Ranging from four to six feet in height, Moyer’s Dependents series references codependency, and while it is understood as emotionally exploitative in human relationships, it is an essential condition of sculpture and architecture, which require systems of support such as joints, hinges, and counterweights in order to function. Moyer’s Dependentssculptures from 2021 comprise two separate entities: one made from aggregate concrete, the other a piece of Belgian Bluestone. Married by a rough hand-drawn joint, inspired by Japanese joinery, one cannot stand without the other.

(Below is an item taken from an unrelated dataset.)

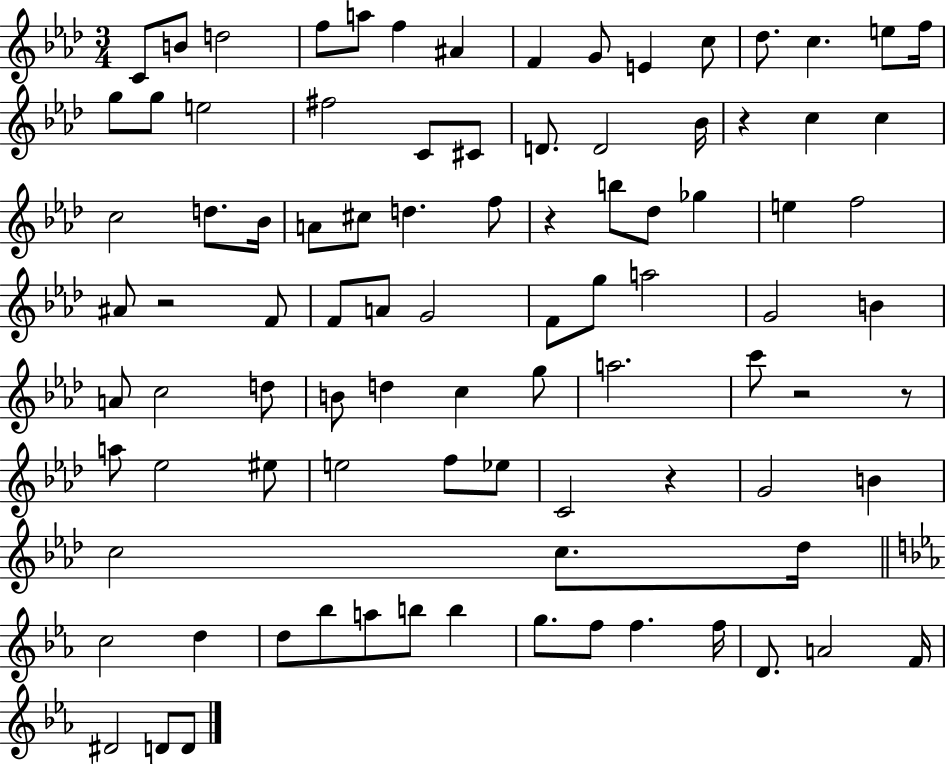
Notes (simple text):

Sam Moyer (b. 1983, Chicago, IL) received her Bachelor of Fine Arts from the Corcoran College of Art and Design, Washington D.C. in 2005 and her Master of Fine Arts from Yale University, New Haven, CT in 2007. In Moyer’s practice, issues of scale and space are critical, and Moyer is particularly interested in the way architecture functions in tandem with her objects to create dynamic visual experiences. Uniting found textures and objects in innovative ways, Moyer manipulates them into beautifully abstract formal works that provoke a new, expanded artistic vocabulary. Moyer’s first solo public art installation, Doors for Doris, commissioned by Public Art Fund, was on view at the entrance to Central Park on Doris C. Freedman Plaza last year. Her works are featured in prominent public collections, including the Whitney Museum of American Art, New York, NY; Yale University Art Gallery, New Haven, CT; Morgan Library & Museum, New York, NY; Museum of Modern Art, New York, NY; and the Louis Vuitton Foundation, Paris, France. Moyer has exhibited her work at The Drawing Center, New York, NY; The Bass Museum, Miami, FL; Contemporary Art Museum St. Louis, MO; LAND, Los Angeles, CA; and Tensta Konsthall, Stockholm, Sweden. Moyer has participated in important group exhibitions, including Inherent Structure, Wexner Center for the Arts, Columbus, OH (2018); and Greater New York Between Spaces at MoMA PS1, Queens, NY (2010). She lives and works in Brooklyn and Orient, NY.
Working in between the lines of representation and abstraction, Eddie Martinez (b. 1977, Groton Naval Base, CT) paints in oil, enamel, and spray paint while often incorporating found objects picked up from his studio floor, in a fast-paced practice that could be compared to automatism. Noted for his deft draftsmanship, Martinez creates large-scale works that maintain the feeling of drawings. His most apparent visual references are the CoBrA group and abstract expressionism. In addition to his paintings, Martinez creates found-object sculptures and works on paper. Museum exhibitions include the Museum of Contemporary Art Detroit, MI (2019); Yuz Museum, Shanghai, China (2019); Bronx Museum of the Arts, Bronx, NY (2018); Drawing Center, New York, NY (2017); and the Davis Museum at Wellesley College, Wellesley, MA (2017). He lives and works in Brooklyn and Orient, NY.
During the run of Sculpture in the Garden, an exhibition of work by Sam Moyer and Eddie Martinez will open at the South Etna Montauk Foundation, Adam Lindemann and Amalia Dayan’s art foundation in Montauk, NY. Comprising new and recent work, this exhibition will open during the first week of July 2022.